## WHAT THE TASK ASKS
From the first line to the last, transcribe the data exactly and skip the pictures.

## DATA BLOCK
:::::
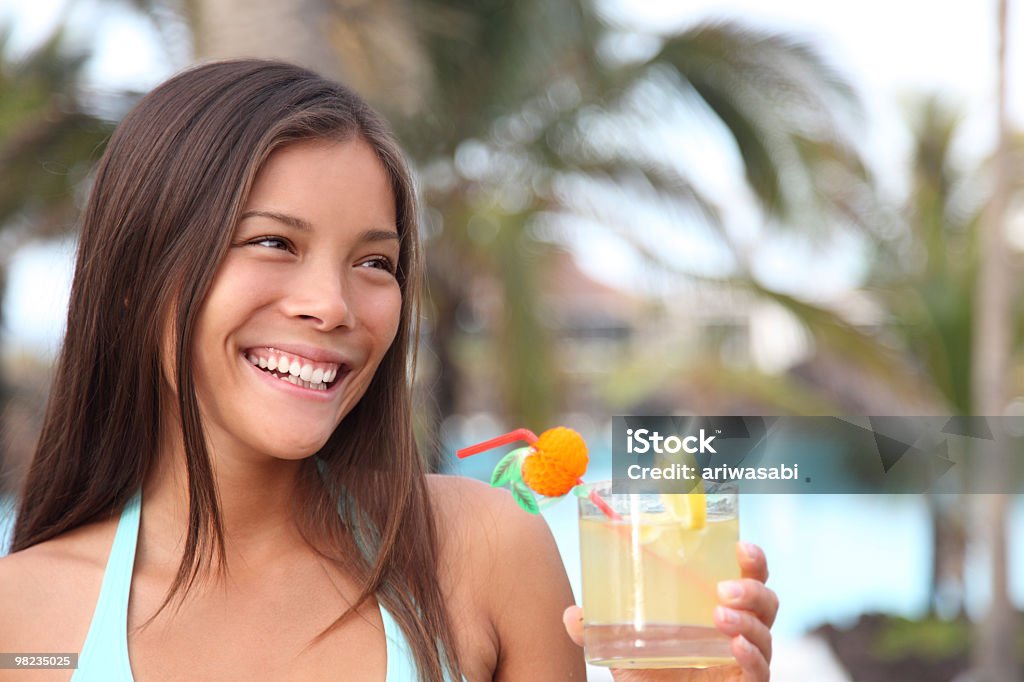 Mujer teniendo una bebida en un ambiente de complejo turístico tropical - Foto de stock de Beber libre de derechos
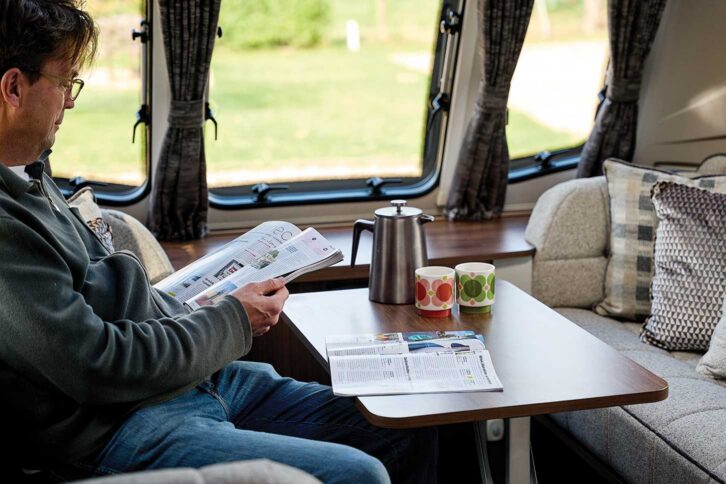 Peter reading a copy of Practical Caravan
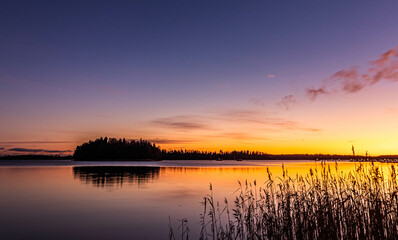 Fototapeta na wymiar Zachód słońca i nadchodzący zmierzch nad jeziorem w Polsce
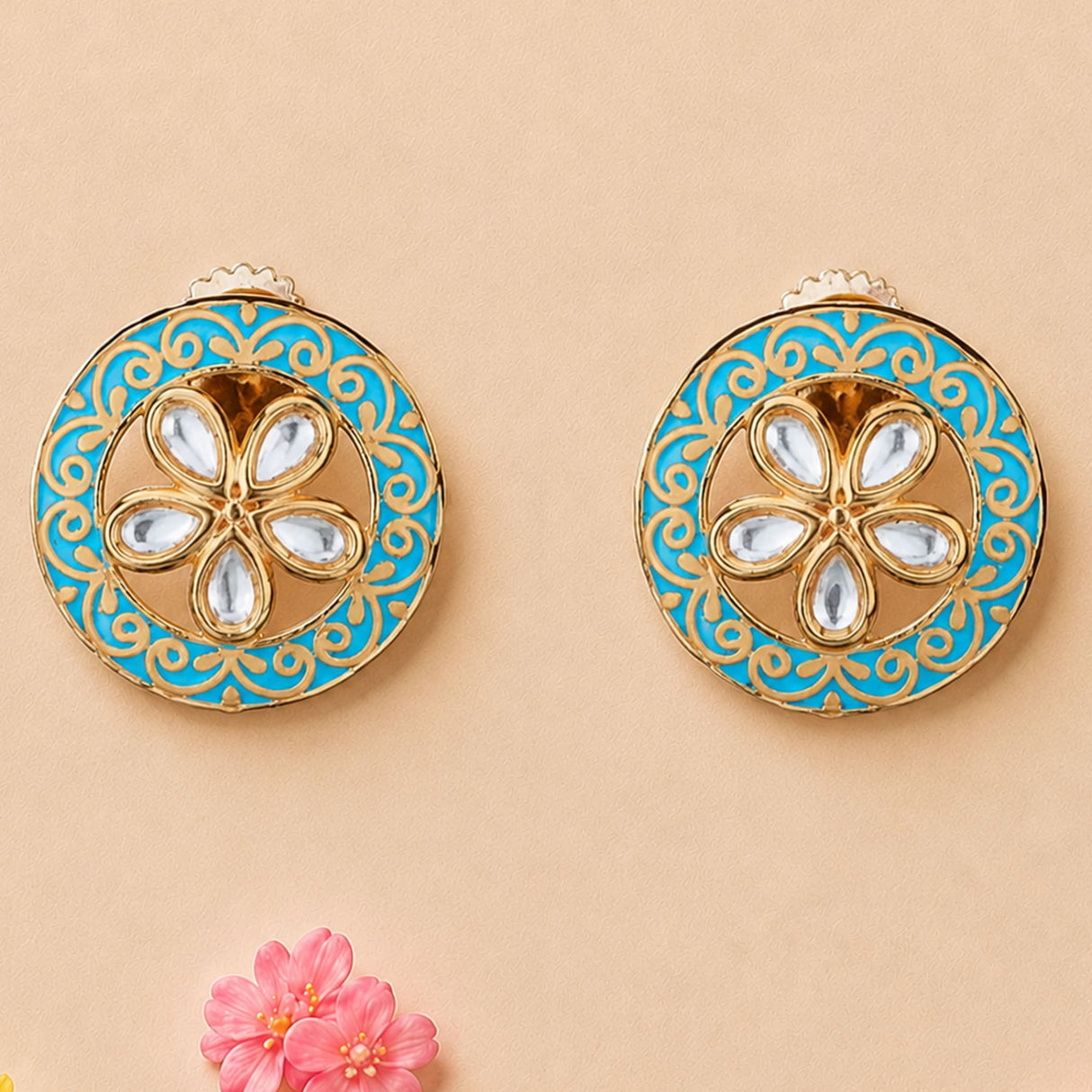 Turquoise and gold enamel floral kundan stud earrings with clear stones in golden tone for bridal and festive wear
:::::
## OUTPUT
 Mujer teniendo una bebida en un ambiente de complejo turístico tropical - Foto de stock de Beber libre de derechos
 Peter reading a copy of Practical Caravan
 Fototapeta na wymiar Zachód słońca i nadchodzący zmierzch nad jeziorem w Polsce
 Turquoise and gold enamel floral kundan stud earrings with clear stones in golden tone for bridal and festive wear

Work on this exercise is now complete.